2. Reason for delay.

3. The defendant's assertion of the right.

4. Prejudice to the defendant.

The balancing of the four factors is required only when the length of the delay is of constitutional dimension. State v. Lawless, 13 Md. App. 220, 283 A.2d 160 (1971), cert. denied, 409 U.S. 855, 93 S. Ct. 192, 34 L. Ed. 2d 99 (1972). The delay herein being 33 months and 27 days, as explained infra, is of constitutional dimension.

1. Length of Delay

The appellant became an accused entitled to a speedy trial upon commencement of his prosecution by way of arrest, warrant, information or indictment, whichever first occurred. State v. Hunter, 16 Md. App. 306, 311, 295 A.2d 779 (1972). See also Gee v. State, 54 Md. App. 549, 459 A.2d 608 and Strickler v. State, 55 Md. App. 688, 466 A.2d 51 (1983).

The arrest warrant having been issued on December 13, 1979, we compute from that date to commencement of trial, September 9, 1982 — a delay of 33 months and 27 days. Even if we compute from April 7, 1981, the date Baltimore City Police first knew of appellant's whereabouts, there is a delay of seventeen months, which is not only of constitutional dimension, but which is also presumptively prejudicial to the accused. Epps v. State, 276 Md. 96, 345 A.2d 62 (1975). See also Strickler, supra. When the length of the delay is presumptively prejudicial, the burden of going forward on the question of prejudice shifts to the State. Wilson v. State, 34 Md.
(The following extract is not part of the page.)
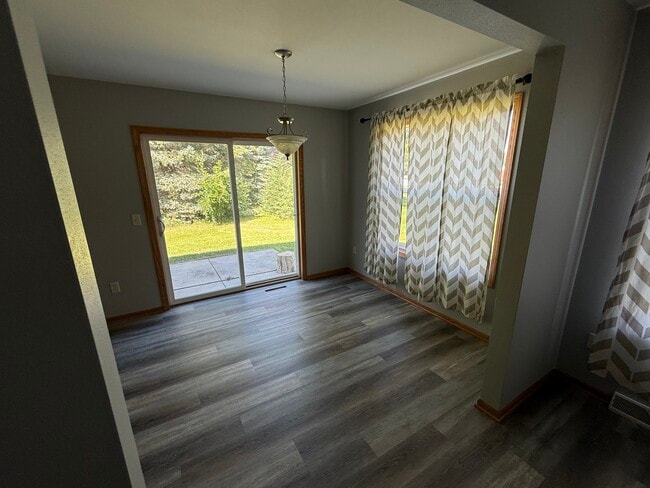 6725 Wolf Hollow Rd in Windsor, WI - Building Photo - Building Photo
App. 294, 367 A.2d 970, cert. denied, 280 Md. 736 (1977).

2. Reason for the Delay

The appellant and the State share, although not equally, the "blame" for delay.

(i) Delay by the State

Because the record does not disclose when the Baltimore City Police first became aware of the fact that the appellant was in federal custody, we can only infer such knowledge as of April 7, 1981, the date they attempted to lodge a detainer by mailing the warrant to the U.S. Marshall Service in New York, along with the request that it be used as a detainer. For reasons never explained or argued below, the federal authorities, according to appellant's uncontradicted recitation of what his "case manager" told him, had concluded that Maryland authorities had failed to comply with the procedural requirements for a "formal detainer."

Although the Interstate Agreement on Detainers, Md. Code, Art. 27 § 616A, et seq., does not define the word "detainer," in State v. Boone, 40 Md. App. 41, 44, 388 A.2d 150 (1978), we opined that "it is generally recognized that the term refers to a notice directed to prison authorities informing them that charges are pending in another jurisdiction against an inmate." Although the Baltimore City Police Department's "detainer" would seem to pass muster under the Boone definition, according to the appellant it was not sufficient under the Agreement to trigger his right to request final disposition of all untried charges, see Art. 27, § 616D, but was sufficient to preclude certain privileges available to those who were not so "detained."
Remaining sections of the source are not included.